PROBLEM TO SOLVE – Restate word for word the section of the entries that opens at the line containing "zamek-v-podebradech.webp" and closes at the line containing "Cupra Leon 1.5", both lines kept, pictures dropped.

DATA TO EXAMINE –
-*-*-
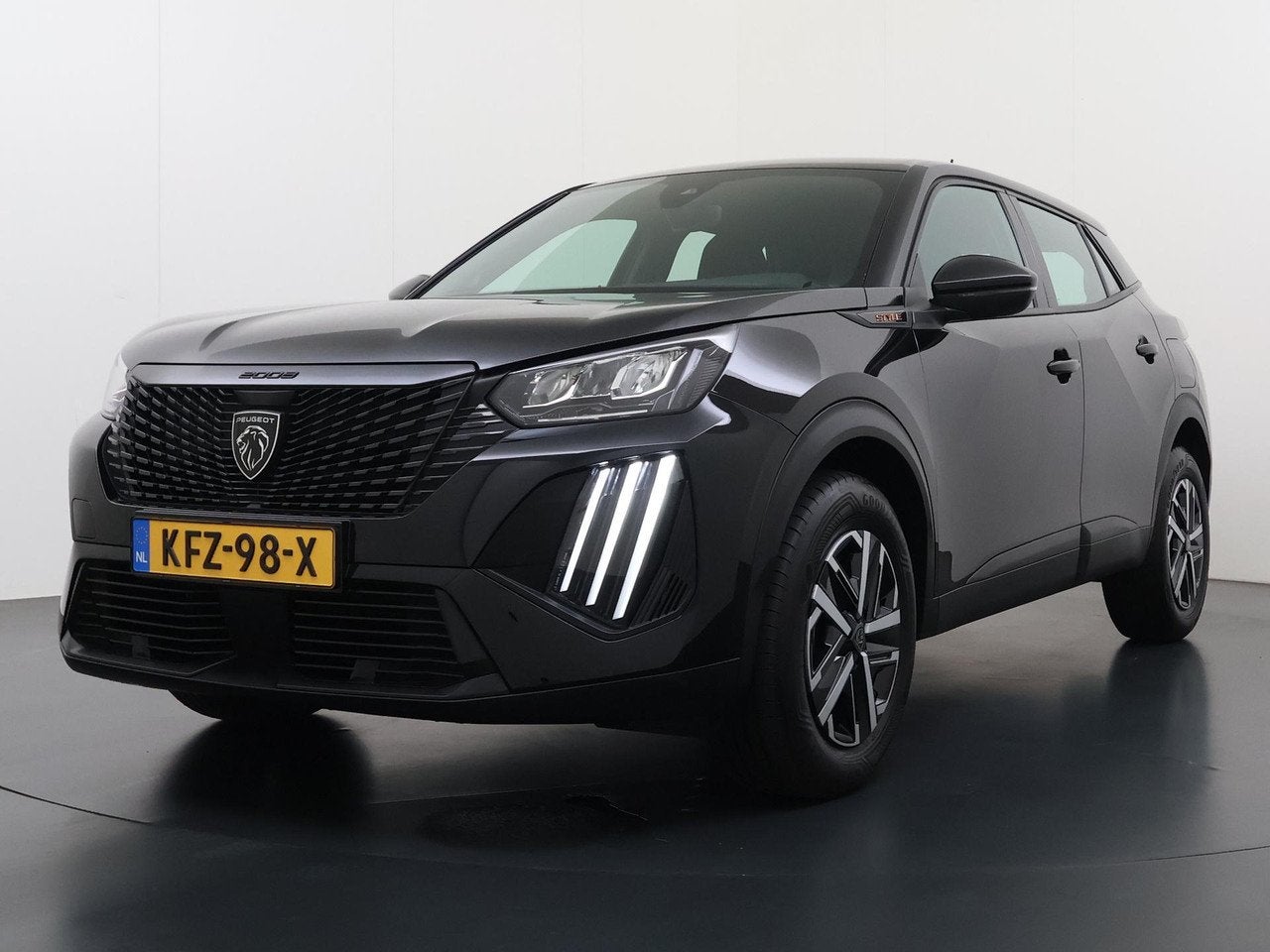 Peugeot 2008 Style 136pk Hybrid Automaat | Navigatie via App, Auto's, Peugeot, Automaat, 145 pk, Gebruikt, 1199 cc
-*-*-
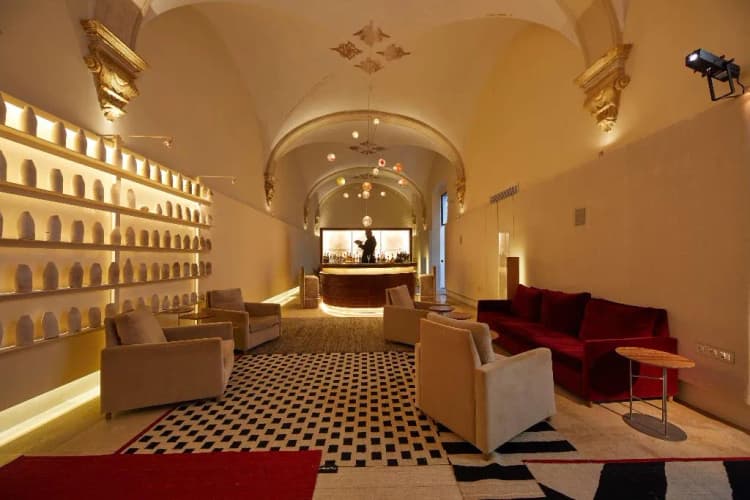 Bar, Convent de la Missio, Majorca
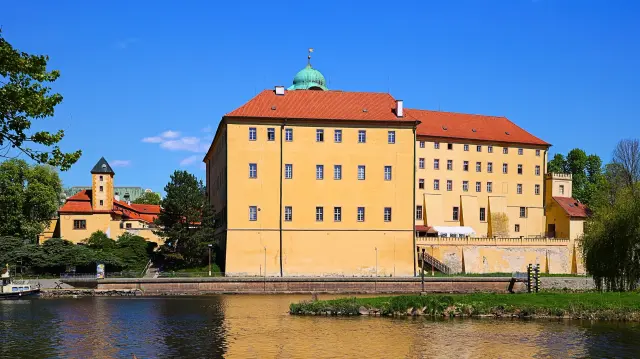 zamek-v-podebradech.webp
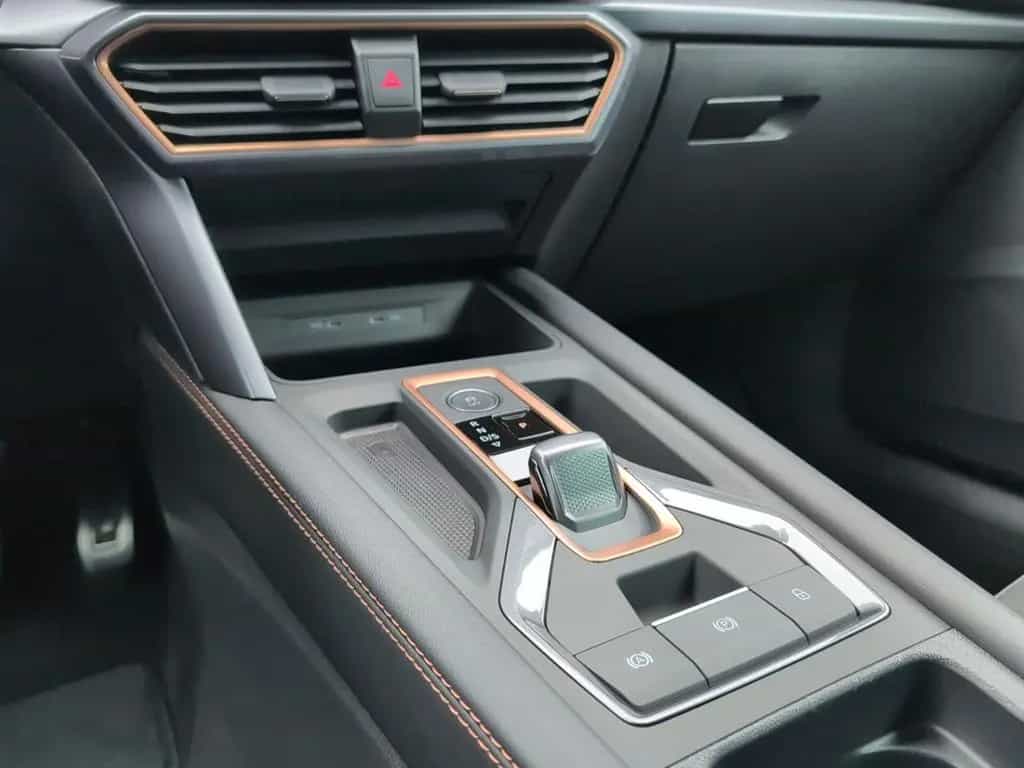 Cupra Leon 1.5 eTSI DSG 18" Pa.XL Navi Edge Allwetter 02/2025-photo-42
-*-*-
TASK ANSWER –
 zamek-v-podebradech.webp
 Cupra Leon 1.5 eTSI DSG 18" Pa.XL Navi Edge Allwetter 02/2025-photo-42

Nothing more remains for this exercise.